If a Boeing product has a fault the responsibility is Boeing’s, but it is equally the FAA’s. The FAA is the safety overseer, and should satisfy itself that all critical systems are fail-safe and that the manufacturer has proven this through testing.

If America has an image it is that of the can-do, the entrepreneurial risk-taker. Why would Boeing or the FAA be different? One of the FAA’s stated values is this: “Innovation is our signature. We foster creativity and vision to provide solutions beyond today’s boundaries.”

The world has benefited from the USA’s risk-taking culture which has driven some aviation advances faster than they would have occurred in other more risk-averse cultures like that of Western Europe. An example of this is the massive extension of ETOPs (extended range twin engine operation) with the arrival on the market of the Boeing 777, which ultimately drove the four-engined Airbus A340 out of the market and influenced the early close-down of the A380 line. Boeing and the FAA took the risk together, and together they got away with it.

Is the 737 Max going to prove to be the one Boeing didn’t get away with? Time will tell.

But is certain Boeing will find a fix that will get the Max back in the sky. And although this episode, if it runs the course it seems likely to follow, will damage Boeing, the damage will be far from terminal. The company has an unbreakable brand name by virtue of being so good for so long, but trust will have suffered.

In the world at large, the art and science of safety oversight is changing dramatically. Technology is advancing so fast that the traditional system of close oversight by the regulator cannot work without stifling innovation, so “Performance-Based Regulation” (PBR) is the new watchword. Basically this means that the regulator prescribes what performance and reliability objectives a system or piece of equipment should meet, and the manufacturer has to prove to the regulator that it meets them. This is fine, providing that the regulator insists on the testing and the proof, and has the expertise and resources to carry out the oversight.

Although lack of oversight resources in the FAA seems unlikely, it would be a global disaster if it occurred. The same would be true of other national aviation agencies (NAA) in countries where aviation manufacturing takes place.

That risk of under-resourcing NAAs is a serious worry for the future, because all the signs are that most countries consider it a very low political priority, especially at a time of budget austerity.

 

This shouldn’t happen these days

In the last five years, statistics for fatal accidents to commercial passenger jets were so low they looked set to prove that a permanent zero fatal accident target was achievable.

Technology is accepted to be the main contributor to these remarkable safety performance improvements.

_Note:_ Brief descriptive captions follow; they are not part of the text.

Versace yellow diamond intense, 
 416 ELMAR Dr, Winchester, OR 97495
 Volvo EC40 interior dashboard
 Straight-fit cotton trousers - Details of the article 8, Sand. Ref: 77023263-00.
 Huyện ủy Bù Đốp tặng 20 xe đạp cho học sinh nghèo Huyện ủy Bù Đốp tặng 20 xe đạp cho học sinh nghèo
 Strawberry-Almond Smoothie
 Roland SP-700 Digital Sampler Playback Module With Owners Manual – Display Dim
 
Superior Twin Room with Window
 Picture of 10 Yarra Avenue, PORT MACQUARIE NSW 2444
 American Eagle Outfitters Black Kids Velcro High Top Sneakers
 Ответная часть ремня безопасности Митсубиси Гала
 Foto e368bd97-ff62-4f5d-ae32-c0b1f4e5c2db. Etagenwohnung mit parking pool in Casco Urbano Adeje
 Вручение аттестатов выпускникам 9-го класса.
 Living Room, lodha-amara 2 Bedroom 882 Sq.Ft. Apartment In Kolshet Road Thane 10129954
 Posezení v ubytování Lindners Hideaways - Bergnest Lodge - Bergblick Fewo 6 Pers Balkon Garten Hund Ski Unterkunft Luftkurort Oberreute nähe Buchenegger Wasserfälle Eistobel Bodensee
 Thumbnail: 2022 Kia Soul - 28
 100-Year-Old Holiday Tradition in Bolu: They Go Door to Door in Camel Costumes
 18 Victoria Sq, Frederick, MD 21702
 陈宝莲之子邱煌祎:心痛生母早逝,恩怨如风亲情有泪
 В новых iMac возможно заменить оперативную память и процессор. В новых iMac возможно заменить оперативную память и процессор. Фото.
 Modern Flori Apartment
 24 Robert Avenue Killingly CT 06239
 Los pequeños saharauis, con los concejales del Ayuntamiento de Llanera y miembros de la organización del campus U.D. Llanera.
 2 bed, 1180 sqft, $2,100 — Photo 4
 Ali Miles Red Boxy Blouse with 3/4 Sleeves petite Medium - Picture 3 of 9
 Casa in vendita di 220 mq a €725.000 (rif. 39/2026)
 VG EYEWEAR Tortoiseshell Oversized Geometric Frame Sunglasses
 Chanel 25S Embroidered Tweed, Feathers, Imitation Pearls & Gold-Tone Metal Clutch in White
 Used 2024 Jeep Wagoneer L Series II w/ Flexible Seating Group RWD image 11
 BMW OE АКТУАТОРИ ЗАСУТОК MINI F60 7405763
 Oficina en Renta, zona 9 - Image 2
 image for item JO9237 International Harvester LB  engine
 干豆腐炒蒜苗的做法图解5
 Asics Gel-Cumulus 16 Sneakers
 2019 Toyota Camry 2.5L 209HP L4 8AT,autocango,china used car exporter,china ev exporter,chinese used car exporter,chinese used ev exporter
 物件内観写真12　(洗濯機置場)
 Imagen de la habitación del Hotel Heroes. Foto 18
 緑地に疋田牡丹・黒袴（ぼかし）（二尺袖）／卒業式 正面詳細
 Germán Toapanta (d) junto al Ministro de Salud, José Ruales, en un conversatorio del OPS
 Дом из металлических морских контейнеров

The superb engineering and smart systems in the latest jets made them as different from their predecessors as today’s generation of automobiles is from cars of the 1970s.

But, on 29 October 2018, Lion Air flight JT610 crashed only about 12min after take-off from Jakarta, Indonesia. The aircraft was a Boeing 737 Max 8 that was delivered by the manufacturer to the airline less than three months before, one of 11 of this new marque in its fleet.

That was a shock, but when on 10 March this year another almost new 737 Max 8 also crashed within a few minutes of take-off from Addis Ababa, Ethiopia under circumstances that appear similar, a chill went through the entire aviation community.

Ethiopian Airlines has grounded its 737 Max fleet, Singapore has banned Max operations in its airspace, and the Chinese aviation authority CAAC has grounded all Maxes registered there – almost sixty of them. And on 12 March Australia, Ireland, France, Germany and the UK added themselves to the rapidly growing list of those who had banned operation of the type. Late on 12 March the biggest blow fell: European Union body the European Aviation Safety Agency has banned all 737 Max 8s and 9s from its skies except to fly, empty, to maintenance bases. The agency argued that it cannot be ruled out that the Ethiopian accident was caused by the same failure as that which appears to have caused the Lion Air crash. And, shortly before midnight, India had joined the doubters.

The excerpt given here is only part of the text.